If a bird is adopted, the fee is generally twice what the veterinarian charged for the checkup plus cage expenses. That way, money is available when the next bird comes in for rescue. Franco estimates the adoption cost is typically between $200 and $400, far less than the cost of buying a bird from a breeder.
People surrendering birds are also encouraged to make a donation to the tax-exempt group. The most common species taken in by the society are cockatoos and large macaws, but all parrot breeds (and there are hundreds of them) are welcome. The organization takes in cockatiels on a case-by-case basis, and usually only if an adoptive home is immediately available.
As with many rescue organizations, home visits are a requirement before surrendering a bird to a new home. Franco says owners of birds should be even tempered and reasonably well-organized because birds do not like chaos, preferring a routine. She warns that extremely fastidious homeowners might not appreciate the “accidents” that occasionally come with owning a pet, any pet, including a bird. Birds can be house-trained, Franco says, but when outside a cage, they don’t always follow the rules.
“I tell all the foster and adoptive families I meet to call me any time,” Marsh says, “day or night, even if they think they have a dumb question. Nobody teaches you how to live with a 3-year-old, but we’ve been there. Our volunteers are always available to help.”
Franco says pet stores have often helped the parrot society by inviting the group to talk with customers about their organization.
“Typically, pet stores are not selling the larger birds,” Franco says. “But in any case, we preach that purchasing a bird should never be an impulse buy.”
In July, Franco got a call about 30 birds in one household. A man who owned 50 birds was leaving Las Vegas for the East Coast and suddenly realized that his vehicle would not accommodate all his birds. Franco and her volunteers removed 23 birds one day and seven the second day, and ultimately found foster homes for all of them.

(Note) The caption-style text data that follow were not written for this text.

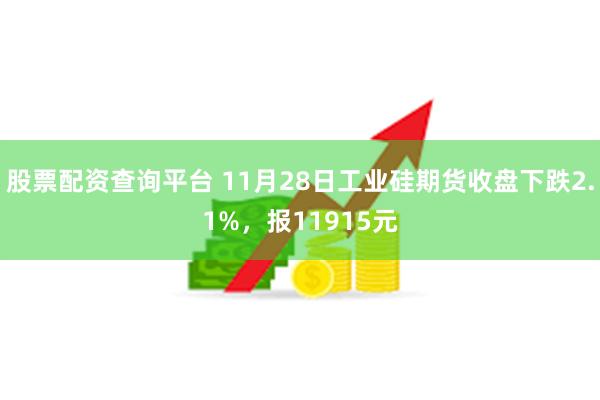 股票配资查询平台 11月28日工业硅期货收盘下跌2.1%，报11915元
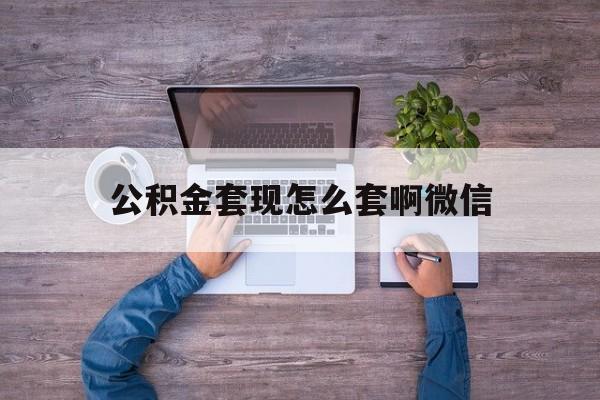 瑞安最新公积金套现怎么套啊微信方法分析(最方便真实的瑞安公积金套现怎么套啊微信提现方法)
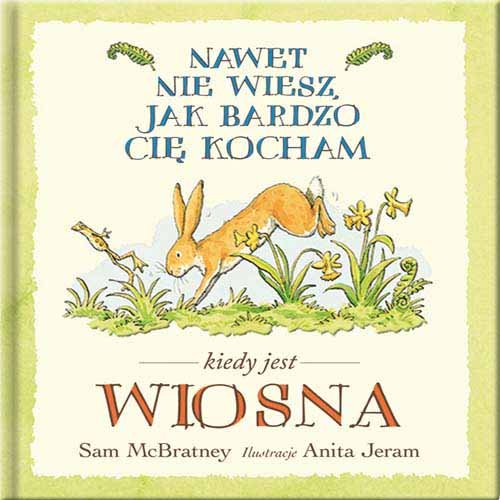 Nawet nie wiesz, jak bardzo cię kocham... Wiosna McBratney Sam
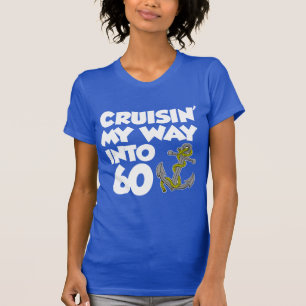Cruisin meine Weise in 60 (AUF DUNKELHEIT) T-Shirt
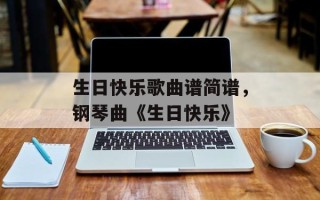 生日快乐歌曲谱简谱，钢琴曲《生日快乐》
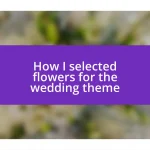 How I selected flowers for the wedding theme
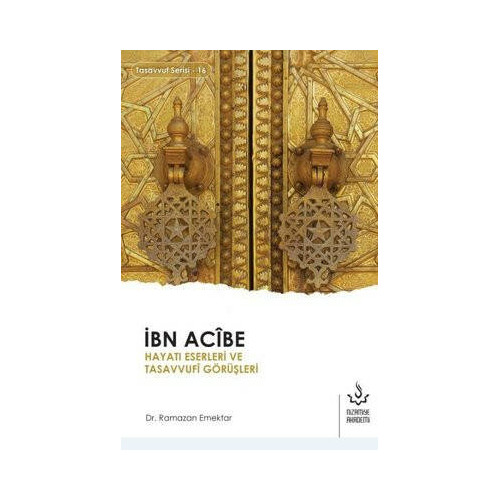 İbn Acibe Hayatı Eserleri ve Tasavvufi Görüşleri Ramazan Emektar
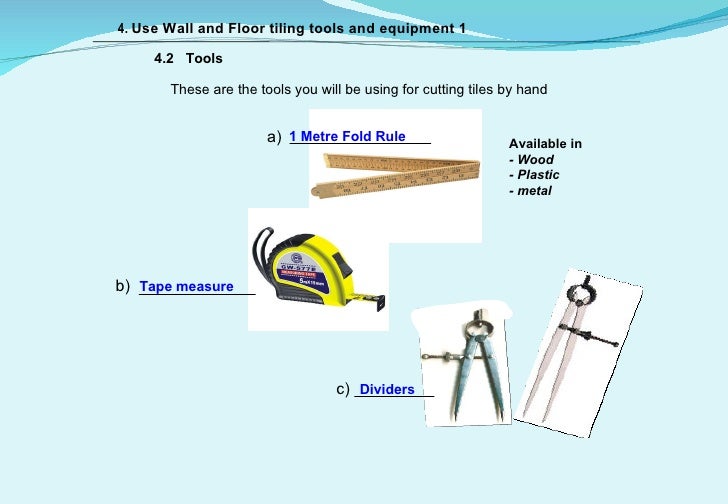 Use wall and floor tiling tools and equipment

“For many people who are responsible bird owners, the fact that they must give up a bird, a member of their family, is heart-wrenching,” Franco says. “We understand what they are going through. Any of us who have owned birds and for one reason or another have lost a bird — know it truly leaves a hole in your heart.”
The cost of feeding a parrot, Franco estimates, is between $25 and $30 a month. Marsh takes her own birds to the vet yearly. One of her birds who gets extra hard to handle during breeding season even gets a shot that dampens the effects of breeding season hormones. (Birds generally cannot be spayed or neutered, and both parrot sexes can get extra vocal during breeding season.)
Do parrots bite?
“Yes, sometimes” Marsh says, holding up an arm with a couple of red spots. “Birds have a mind of their own, and if they are saying no and you aren’t listening, you may get a nip.”
Yes, parrots can also learn words and mimic voices.
Franco recalls one woman who turned in a bird because, though she loved the bird, after her husband died, the bird would consistently say “hello” in her husband’s voice. Hearing that voice was just too disturbing, the widow explained.
Marsh notes that one of her birds, Rusty, had a cage in the hallway. When her husband arrived home from work every night, he’d first say hello to Rusty. One day, Marsh moved Rusty’s cage because she had taken in a new bird. Her husband came in the door, looked around, and Rusty cried, “I’m over here!”